London DDPO Hate Crime Partnership 2018–2023

The London DDPO Hate Crime Partnership was funded for 5 years between 2018 and 2023 by National Lottery Community Fund, 3 Guineas Trust and Trust for London, and has established a Pan-London partnership between Deaf & Disabled People’s Organisations (DDPO).

This partnership was unique and not only provided a collective voice for policy and campaigns but also provided capacity building to strengthen the network of support and strategic policy and campaigning work so no Disabled person needs to suffer alone if they experience Hate Crime.

In London, each strand of hate crime has organisations that focus on that one aspect of a victim’s identity. Currently, there is Tell Mama for Islamophobic related hate crime; GALOP for LGBT+ community, The Monitoring Group for the BAME community and CST for the Jewish community. This partnership was set up as the voice for Disabled people in London, campaigning for parity in the law, and raising awareness of Hate Crime against Disabled people. We have represented Disabled people at over 20 key meetings a year, to influence policy and commissioning decision makers, including the Crown Prosecution Service, Metropolitan Police Service, London Mayor’s Officer for Police and Crime and the London Assembly.

We worked closely with the CATCH Partnership via our DDPO partners; Real in Tower Hamlets, Choice in Hackney and Stay Safe East, led by Galop, who provide support across all hate crime strands. DDPOs involved have offered different levels of hate crime support including Hate Crime Advocacy, Peer Advocacy / Support, Awareness Raising, Third-Party Reporting Centres.

Our overall aims for the partnership included:

Improving the information flow about disability hate crime to other partners and stakeholders in the London hate crime sector, through regular communications and meetings.

Working collectively to provide consultation responses, policy submissions, calls for evidence and campaign asks to decision makers in London.

Supporting with research enquiries from academics and policy stakeholders to raise awareness of hate crime against disabled people.

Capacity building providing information, training and events relating to hate crime against Disabled people to DDPOs in London.

Providing emotional support to DDPO staff working with victims/survivors of hate crime, including specialist advocates, peer support advocates and other DDPO staff working in other non-hate crime services.

Developing and coproducing a range of anti hate crime training materials, aimed at non-DDPO frontline services for DDPOs to use in their local areas.

Building relationships with other organisations and people involved in anti hate crime work in London to raise awareness of the DDPO sector and issues affecting Disabled victim/survivors of hate crime to influence policy and practice.
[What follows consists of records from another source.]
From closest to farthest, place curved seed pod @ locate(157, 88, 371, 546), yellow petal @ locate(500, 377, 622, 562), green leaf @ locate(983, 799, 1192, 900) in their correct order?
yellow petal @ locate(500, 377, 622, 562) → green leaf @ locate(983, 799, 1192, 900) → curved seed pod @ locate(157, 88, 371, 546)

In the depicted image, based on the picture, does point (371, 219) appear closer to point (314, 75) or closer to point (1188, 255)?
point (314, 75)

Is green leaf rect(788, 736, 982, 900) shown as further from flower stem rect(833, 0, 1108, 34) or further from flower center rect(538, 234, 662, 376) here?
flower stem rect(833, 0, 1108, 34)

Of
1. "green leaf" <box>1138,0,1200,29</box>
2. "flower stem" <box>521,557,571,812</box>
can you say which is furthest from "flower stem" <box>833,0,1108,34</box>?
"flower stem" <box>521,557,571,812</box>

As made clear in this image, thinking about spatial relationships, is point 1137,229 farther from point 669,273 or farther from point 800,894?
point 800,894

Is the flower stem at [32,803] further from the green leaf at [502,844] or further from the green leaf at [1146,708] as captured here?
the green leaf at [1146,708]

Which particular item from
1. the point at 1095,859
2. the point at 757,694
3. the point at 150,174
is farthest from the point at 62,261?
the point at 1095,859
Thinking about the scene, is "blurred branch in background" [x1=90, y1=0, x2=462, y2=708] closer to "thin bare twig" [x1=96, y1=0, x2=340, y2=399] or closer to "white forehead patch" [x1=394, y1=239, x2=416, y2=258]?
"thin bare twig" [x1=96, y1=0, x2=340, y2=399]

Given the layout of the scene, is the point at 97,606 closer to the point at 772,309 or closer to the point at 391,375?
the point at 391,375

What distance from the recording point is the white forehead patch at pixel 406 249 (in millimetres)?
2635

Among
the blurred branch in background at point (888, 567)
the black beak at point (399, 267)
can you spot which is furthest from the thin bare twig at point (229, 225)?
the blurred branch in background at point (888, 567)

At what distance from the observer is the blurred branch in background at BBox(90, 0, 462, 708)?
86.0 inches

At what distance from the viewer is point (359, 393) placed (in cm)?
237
We had the support of Anne Novis who was awarded an MBE for her tireless campaigning to get Hate Crime against Disabled people recognised and responded to appropriately. We had support and work for the partnership from Ruth Bashall who was CEO of Stay Safe East [link to SSE], also a key partner in our hate crime secondment project, who has been the expert in this area of work for decades, while campaigning and providing frontline services in Walthamstow and London-wide for Disabled victims/survivors of violent crime, including domestic violence and hate crime. Stay Safe East are also the only DDPO in London to provide Disability Advocates for people experiencing any type of crime.

We had tireless support from David Jenkins at Merton Centre for Independent Living [link to MCIL] who led on our hate crime secondment project as part of our capacity building work, who was responsible for developing and publishing two key manuals to support anti hate crime work; The hate crime advocate toolkit and the hate crime advocacy monitoring and evaluation handbook.

Over the years, as well as contracted work with Stay Safe East and Merton Centre for Independent Living, we also contracted work with Breaking out the Bubble [link to Bob page] who are experts in working with people with learning disabilities/difficulties, and worked with numerous independent consultants including Dr Laura Chapman, Kate Mercer from Black Belt Advocacy, Fisayo Fadahunsi from Filmanthropy, Barnet Unlimited, Wendy Haslam, Tam Preboye from Zilla Consultancy, Roffey Park Institute, Jackie Woods and Liz Mercer.

In the last two years of the partnership, we set up our Hate Crime Data and Insight Project [link to D&I page], as we realised that there was not any other organisation in London gathering data and insights on the anti hate crime work of DDPOs across London, which provided in-depth information based on primary and secondary research on issues affecting Disabled victims/survivors.

Towards the end of the project, we started to explore intersectionality issues based on the findings of the Data and Insight Project and the impact of media reporting of Disabled people involved in the criminal justice system.[link to D&I page]

The project is currently being externally evaluated by an independent consultant and we hope that the final report [link to final report] will aid DDPOs, commissioners, funders, stakeholders and anyone interested in anti hate crime work involving Disabled people to design, develop and fund services led by and for Disabled people.